Formally, we have that the entropy of a univariate Gaussian random variable, $X$,
$$H(X) = \frac{1}{2} \ln (2\pi e \sigma_x^2).$$

For a bivariate Gaussian random variable, $(X,Y)$,
$$H(X,Y) = \frac{1}{2} \ln ((2\pi e)^2 (\sigma_x^2 \sigma_y^2 – \sigma_{xy}^2)),$$
where $\sigma_{xy}$ is the covariance of $X$ and $Y$.

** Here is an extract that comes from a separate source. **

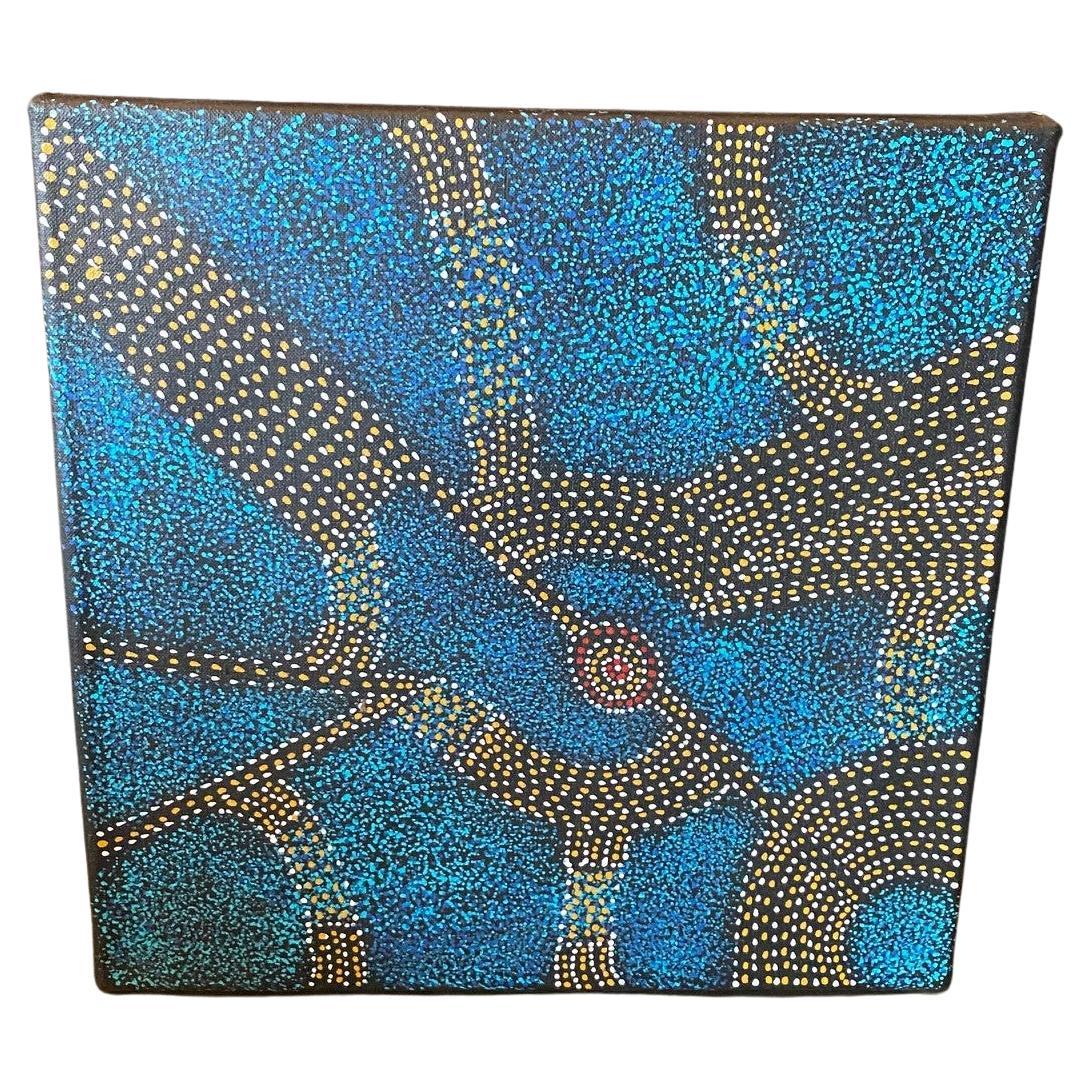 Australian indigenous Aboriginal Art Original Gracie Morton Pwerle Dot Painting For Sale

Then the mutual information,
\begin{align*}
I(X,Y) &= H(X) + H(Y) – H(X,Y)
\\
&= \frac{1}{2} \ln
\left(
\frac{\sigma_x^2\sigma_y^2}{\sigma_x^2 \sigma_y^2 – \sigma_{xy}^2}
\right)
\\
&= \frac{1}{2} \ln
\left(
\frac{\sigma_y^2}{\sigma_y^2 – \sigma_{xy}^2/\sigma_x^2 }
\right)
\\
&= -\frac{1}{2} \ln
\left(
\frac{\sigma_y^2 – \sigma_{xy}^2/\sigma_x^2 }{\sigma_y^2}
\right)
\\
&= -\frac{1}{2} \ln
\left(1 –
\left(\frac{\sigma_{xy}}{\sigma_x \sigma_y}\right)^2
\right)
\\
&= -\frac{1}{2} \ln
\left(1 –
Corr(X,Y)^2
\right).
\end{align*}

The lower bound follows from the following argument. Consider two other random variables, $X’$ and $Y’$, that have the same covariance as $X$ and $Y$ but are jointly normally distributed. Note that since we have assumed that the marginal distributions of $X$ and $Y$ are Normal, we have $H(X) = H(X’)$ and $H(Y) = H(Y’)$, and by the maximum entropy property of the Normal distribution, we have $H(X,Y) \leq H(X’,Y’)$. The result is then straightforward:
\begin{align*}
I(X,Y) &= H(X) + H(Y) – H(X,Y)
\\
&\geq
H(X’) + H(Y’) – H(X’,Y’)
\\
&= -\frac{1}{2} \ln
\left(1 –
Corr(X’,Y’)^2
\right)
\\
&= -\frac{1}{2} \ln
\left(1 –
Corr(X,Y)^2
\right).
\end{align*}

Thanks are due to Vikash Mansinghka for suggesting the first part of this exercise.